翻译将话准确无误的翻译过去,马佐维亚放弃了挣扎,脸上只有悔恨,蠢啊,当初怎么就信了约翰的鬼话,如果早投降的话,哪还有这些麻烦?约翰打得好主意,坚持两天,呵呵,结果费斯塔克连一天都没能守住。真不该听约翰的,康拉德家族不该为教会做嫁衣。后悔已经晚了,这世上什么药都有,就是没有后悔药。马佐维亚的死,预示着一个时代的结束,隶属于洛泰尔家族世代的贵族体系将会重新洗牌,强大无匹的萨克森王国从今往后将会成为别人的领土。
在另一边,苏格斯的普斯克城大军终于来到了破晓平原,一支庞大的军队早已等候多时,看到这支军队,苏格斯一颗心沉到了谷底,他知道,费斯塔克城危险了。可是,苏格斯依旧存着一丝侥幸,万一康拉德家族守住了费斯塔克呢?史文恭傲然地看着那些普斯克驻军,他们人困马乏,己方却是以逸待劳,这一战对方毫无胜算,唯一的问题是会付出多少代价罢了。
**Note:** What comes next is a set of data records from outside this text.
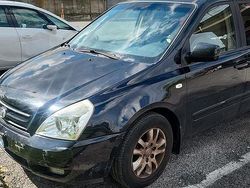 Nero Usata 2007 Kia Carnival Monovolume | 2000 €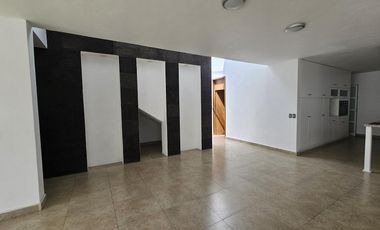 VENTA DE CASA EN RESIDENCIAL LA VICTORIA ZINACANTEPEC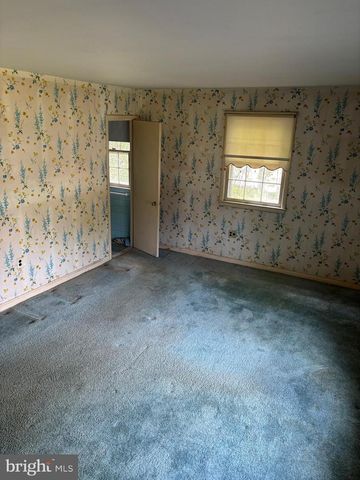 2406 MARLETON DR, Wilmington, DE 19810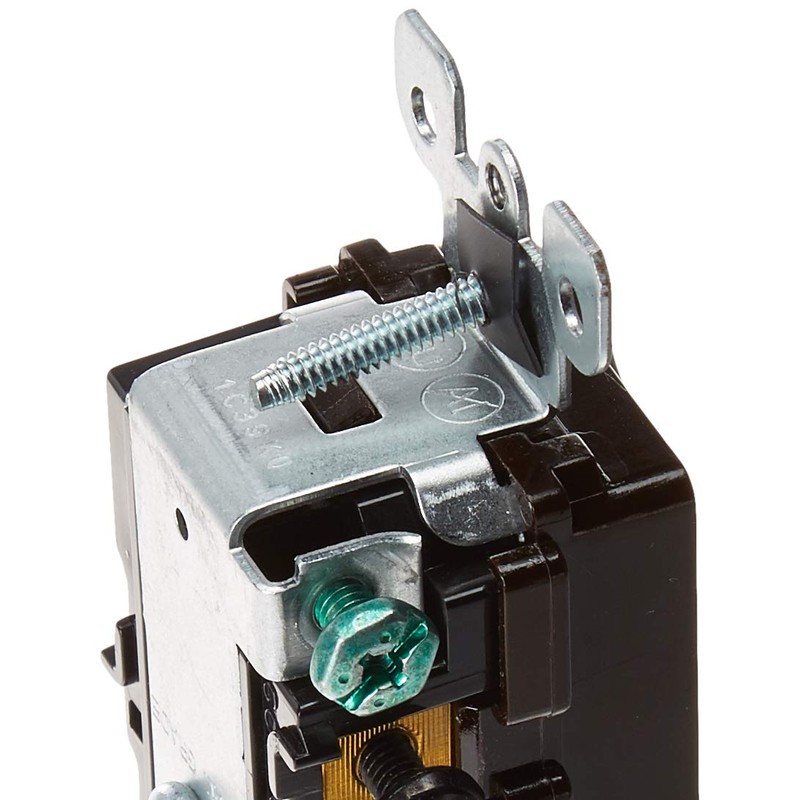 Leviton 15 Amp, 120/277 Volt, Decora Single-Pole, AC Combination Switch,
苏格斯同样知道这个时候跟对方展开正面碰撞有多愚蠢,可是没得选择,为了拯救费斯塔克城,就算前边是刀山火海也要闯一闯。
抬起手,普斯克城大军开始列起阵型,史文恭所部虽然只有两万人,但五个方阵维持的很严谨,丝毫没有慌乱,骑兵也在摩拳擦掌,重骑向前,连环马已经集结完毕。破晓平原上,眼看着就要爆一场血腥恶战,这个时候一队骑兵从远处奔来,他们人手提着一颗脑袋,来到阵前将脑袋往地上一扔便扬长而去。一颗颗人头摆在大地上,看着那些人头,终于有人惊叫出声,“那那是马佐维亚公爵那是约翰牧师”
轰,普斯克城大军如遭雷击,苏格斯也露出惨然的笑容,已经不需要打了,东方人把人头扔到这里,目的太明显了,就是要打击普斯克大军的士气。人困马乏,士气全无,真要开战,东方人会欣然笑纳这份军功的。马佐维亚的人头在这里,也就意味着费斯塔克易主,没有了费斯塔克,再多的厮杀都失去了意义。
苏格斯拿得起放得下,他抬起手深深地望了一眼菲斯特克方向,随后缓缓调转马头。普斯克城大军撤走了,史文恭也没有下令追击。普斯克大军已经不足为患,随着时间的推移,他们只会越来越被动,何必这个时候白白牺牲士兵的性命呢?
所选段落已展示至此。